Although I can read now, I choose listening (audio books) as opposed to reading and speaking (speech to text) as opposed to writing. That’s how I’ve digested and produced information since 5th grade. I’m lucky because voice activation was just starting to recognize a child’s voice when I needed it.

I was failing in elementary school, but by 7th grade, I was getting all A’s. Everyone was shocked. All the assistive technology that I was using allowed me to demonstrate that I was smart.

I wanted to attend public high school but my Mom realized that our County’s expectations were too low. The Special Education Director told her that they were only obligated to provide an ‘Attendance Diploma’. So I attended a private high school and graduated in their Advanced Placement Program. I grew to be a self advocate. I didn’t have another choice. I had to stand up for myself.
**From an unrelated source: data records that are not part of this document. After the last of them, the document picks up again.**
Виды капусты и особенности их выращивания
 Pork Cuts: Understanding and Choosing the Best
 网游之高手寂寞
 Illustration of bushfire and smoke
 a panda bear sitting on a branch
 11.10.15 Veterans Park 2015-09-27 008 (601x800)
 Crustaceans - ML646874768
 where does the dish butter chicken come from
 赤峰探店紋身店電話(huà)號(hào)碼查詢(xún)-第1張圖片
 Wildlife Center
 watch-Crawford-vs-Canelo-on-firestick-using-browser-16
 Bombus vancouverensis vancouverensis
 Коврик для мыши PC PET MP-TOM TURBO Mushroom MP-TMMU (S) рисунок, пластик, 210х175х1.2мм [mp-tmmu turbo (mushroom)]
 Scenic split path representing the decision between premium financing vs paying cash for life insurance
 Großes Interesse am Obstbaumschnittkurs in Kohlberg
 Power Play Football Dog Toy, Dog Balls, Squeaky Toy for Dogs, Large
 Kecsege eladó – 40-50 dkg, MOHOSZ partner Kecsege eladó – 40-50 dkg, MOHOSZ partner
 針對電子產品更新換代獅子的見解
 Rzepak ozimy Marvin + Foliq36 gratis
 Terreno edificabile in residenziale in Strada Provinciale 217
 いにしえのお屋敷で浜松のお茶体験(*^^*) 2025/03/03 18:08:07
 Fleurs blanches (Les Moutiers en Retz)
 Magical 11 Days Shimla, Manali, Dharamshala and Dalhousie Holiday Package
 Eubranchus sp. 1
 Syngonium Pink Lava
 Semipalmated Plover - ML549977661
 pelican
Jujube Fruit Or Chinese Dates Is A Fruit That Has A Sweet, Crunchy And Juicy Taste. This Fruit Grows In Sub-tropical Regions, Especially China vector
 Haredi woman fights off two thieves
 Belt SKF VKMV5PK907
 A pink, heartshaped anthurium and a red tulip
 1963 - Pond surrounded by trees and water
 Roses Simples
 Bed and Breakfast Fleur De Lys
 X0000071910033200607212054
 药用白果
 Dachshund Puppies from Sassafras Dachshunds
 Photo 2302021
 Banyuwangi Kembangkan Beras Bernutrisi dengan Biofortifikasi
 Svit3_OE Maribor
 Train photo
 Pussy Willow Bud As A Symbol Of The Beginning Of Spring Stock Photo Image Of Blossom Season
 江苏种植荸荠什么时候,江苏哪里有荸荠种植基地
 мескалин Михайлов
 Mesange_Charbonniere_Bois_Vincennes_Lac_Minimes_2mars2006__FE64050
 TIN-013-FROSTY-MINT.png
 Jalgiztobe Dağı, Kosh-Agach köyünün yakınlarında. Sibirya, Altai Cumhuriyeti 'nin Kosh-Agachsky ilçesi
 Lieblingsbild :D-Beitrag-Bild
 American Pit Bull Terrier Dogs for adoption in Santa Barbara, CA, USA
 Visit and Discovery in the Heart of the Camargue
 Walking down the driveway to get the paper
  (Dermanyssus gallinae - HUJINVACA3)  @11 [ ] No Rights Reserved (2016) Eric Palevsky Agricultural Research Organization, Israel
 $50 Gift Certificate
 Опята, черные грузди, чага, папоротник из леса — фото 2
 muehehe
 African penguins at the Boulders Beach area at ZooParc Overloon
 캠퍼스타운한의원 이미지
Because I loved rowing crew in high school, I wanted to row crew in college. My high school coach had moved to the college level and invited me for a college visit. I also wanted to study elementary education… was honestly the perfect fit. The college had an awesome accessibility center for my accommodations and had an excellent elementary education program.

Now I’m in the real world, working as a longterm elementary substitute and working on my practicum tutoring a dyslexia student in the Sliding Doors program. I’m also interviewing for permanent jobs in elementary education where I can use an Orton-Gillingham program to teach all students to read. Because I struggled so much in school, I want to be an advocate for students who are struggling. I want to be able to show them that it’s OK to struggle and reassure them that they are going to be OK. Having that connection with kids, whatever they are struggling with and be able to say, ‘I know, I know…it’s really hard.’ I think kids can feel that. They will be able to tell that I do know what it’s like."